Cette régression existe, mais elle est ponctuelle et concerne certains versants seulement de l'évolution. l'humanité dans sa globalité, continue quand à elle de progresser.
En écrasant toute forme de contre-pouvoirs, le libéralisme
est tombé dans le travers des hégémonies. Il se considère tout-puissant, son orgueil augmente et
les risques d'autocratie aussi.
Si cette régression du spirituel vers l'animalité et ses pulsions, semble évidente, elle
est cependant ponctuelle et partielle. Elle
est la contrepartie d'une évolution plus importante : la mondialisation. La mondialisation est un passage obligé de l'humanité,
elle signe la montée du national vers l'universel.

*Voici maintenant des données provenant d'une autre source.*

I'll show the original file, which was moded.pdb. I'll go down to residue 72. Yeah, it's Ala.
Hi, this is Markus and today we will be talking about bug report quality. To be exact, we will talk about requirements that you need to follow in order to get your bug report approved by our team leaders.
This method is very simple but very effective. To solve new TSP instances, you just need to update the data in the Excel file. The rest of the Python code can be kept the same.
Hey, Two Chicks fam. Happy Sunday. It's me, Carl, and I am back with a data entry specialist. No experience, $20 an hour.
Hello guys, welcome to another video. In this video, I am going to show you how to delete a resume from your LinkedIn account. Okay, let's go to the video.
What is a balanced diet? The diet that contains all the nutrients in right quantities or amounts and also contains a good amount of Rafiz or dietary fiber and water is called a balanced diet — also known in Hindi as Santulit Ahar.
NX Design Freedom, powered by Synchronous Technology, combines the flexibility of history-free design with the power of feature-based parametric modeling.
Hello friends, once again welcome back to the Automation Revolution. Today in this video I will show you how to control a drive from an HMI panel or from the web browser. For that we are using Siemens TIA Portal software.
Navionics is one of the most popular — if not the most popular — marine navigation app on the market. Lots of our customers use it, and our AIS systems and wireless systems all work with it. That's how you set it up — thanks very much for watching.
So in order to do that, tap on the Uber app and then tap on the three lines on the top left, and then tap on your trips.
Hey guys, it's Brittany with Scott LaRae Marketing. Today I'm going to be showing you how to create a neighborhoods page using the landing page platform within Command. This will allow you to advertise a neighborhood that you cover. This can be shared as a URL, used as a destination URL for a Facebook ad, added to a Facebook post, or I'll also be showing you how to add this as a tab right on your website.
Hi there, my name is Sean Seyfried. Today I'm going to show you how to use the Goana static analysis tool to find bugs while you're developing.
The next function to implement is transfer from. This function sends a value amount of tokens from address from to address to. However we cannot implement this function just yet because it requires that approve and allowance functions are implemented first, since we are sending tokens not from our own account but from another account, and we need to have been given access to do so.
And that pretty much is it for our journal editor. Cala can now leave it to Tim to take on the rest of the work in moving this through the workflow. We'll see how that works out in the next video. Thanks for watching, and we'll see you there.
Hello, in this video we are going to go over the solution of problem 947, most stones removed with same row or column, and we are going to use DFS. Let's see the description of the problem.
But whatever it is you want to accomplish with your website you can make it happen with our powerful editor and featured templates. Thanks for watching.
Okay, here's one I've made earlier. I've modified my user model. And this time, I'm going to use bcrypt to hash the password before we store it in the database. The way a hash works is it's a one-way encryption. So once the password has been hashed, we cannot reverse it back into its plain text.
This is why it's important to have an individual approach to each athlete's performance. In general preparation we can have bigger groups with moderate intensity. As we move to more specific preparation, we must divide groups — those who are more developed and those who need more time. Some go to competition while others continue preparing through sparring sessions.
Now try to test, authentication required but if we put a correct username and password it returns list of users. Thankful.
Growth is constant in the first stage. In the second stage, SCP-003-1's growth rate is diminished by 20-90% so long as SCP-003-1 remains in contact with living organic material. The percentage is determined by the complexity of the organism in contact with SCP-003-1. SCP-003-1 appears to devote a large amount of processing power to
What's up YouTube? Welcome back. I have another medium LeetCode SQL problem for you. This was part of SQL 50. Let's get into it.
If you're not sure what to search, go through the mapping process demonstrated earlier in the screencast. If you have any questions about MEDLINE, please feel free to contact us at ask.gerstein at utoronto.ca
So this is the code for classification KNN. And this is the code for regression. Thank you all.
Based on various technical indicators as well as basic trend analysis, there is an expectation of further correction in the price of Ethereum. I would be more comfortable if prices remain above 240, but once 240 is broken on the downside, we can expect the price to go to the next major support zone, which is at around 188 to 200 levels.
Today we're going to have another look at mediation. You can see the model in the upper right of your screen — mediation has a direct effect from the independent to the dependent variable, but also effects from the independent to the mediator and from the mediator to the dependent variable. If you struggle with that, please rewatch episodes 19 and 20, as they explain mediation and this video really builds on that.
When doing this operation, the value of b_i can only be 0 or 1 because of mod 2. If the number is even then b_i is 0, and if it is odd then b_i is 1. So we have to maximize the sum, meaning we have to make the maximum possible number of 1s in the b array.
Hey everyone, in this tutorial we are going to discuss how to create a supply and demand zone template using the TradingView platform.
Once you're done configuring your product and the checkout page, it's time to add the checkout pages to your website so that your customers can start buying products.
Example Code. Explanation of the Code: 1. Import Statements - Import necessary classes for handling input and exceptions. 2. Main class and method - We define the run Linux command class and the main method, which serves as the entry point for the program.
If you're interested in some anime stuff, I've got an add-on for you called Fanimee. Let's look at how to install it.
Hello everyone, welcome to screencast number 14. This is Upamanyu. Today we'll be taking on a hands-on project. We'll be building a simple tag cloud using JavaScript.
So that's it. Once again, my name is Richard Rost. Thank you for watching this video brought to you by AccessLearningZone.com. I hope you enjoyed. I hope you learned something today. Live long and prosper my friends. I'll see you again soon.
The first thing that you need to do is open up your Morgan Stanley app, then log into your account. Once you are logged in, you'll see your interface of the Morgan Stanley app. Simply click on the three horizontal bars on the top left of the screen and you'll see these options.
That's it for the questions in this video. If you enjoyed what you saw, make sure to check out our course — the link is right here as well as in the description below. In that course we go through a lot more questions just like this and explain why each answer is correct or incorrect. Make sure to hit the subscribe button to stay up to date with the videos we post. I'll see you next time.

Néanmoins, cette prise de contrôle de la mondialisation par
le système marchand, commence à poser
un véritable problème à l'ensemble des êtres
humains. Elle a un coût : la marchandisation systématique de tous les
pans de la société, y compris l'humain
et sa spiritualité.
Le marché doit être subordonné
aux domaines : spirituel, écologique,
politique, éducatif, culturel, subordonné aux médias,
et au peuple.
Vous l'avez compris, ce travail va poursuivre
deux buts bien distincts. D'un côté nous allons réfléchir à
l'évolution globale et spirituelle de l'humanité vers sa perfection ...
et de l'autre, nous analyserons les travers de la société
pour ouvrir nos consciences et nous permettre de nous corriger.
Quelles sont les véritables valeurs en
progression dans notre espèce ? Quel est le sens et la
finalité de
notre évolution ? Voilà quelques-unes des questions
qu'il semble fondamental de se poser aujourd'hui.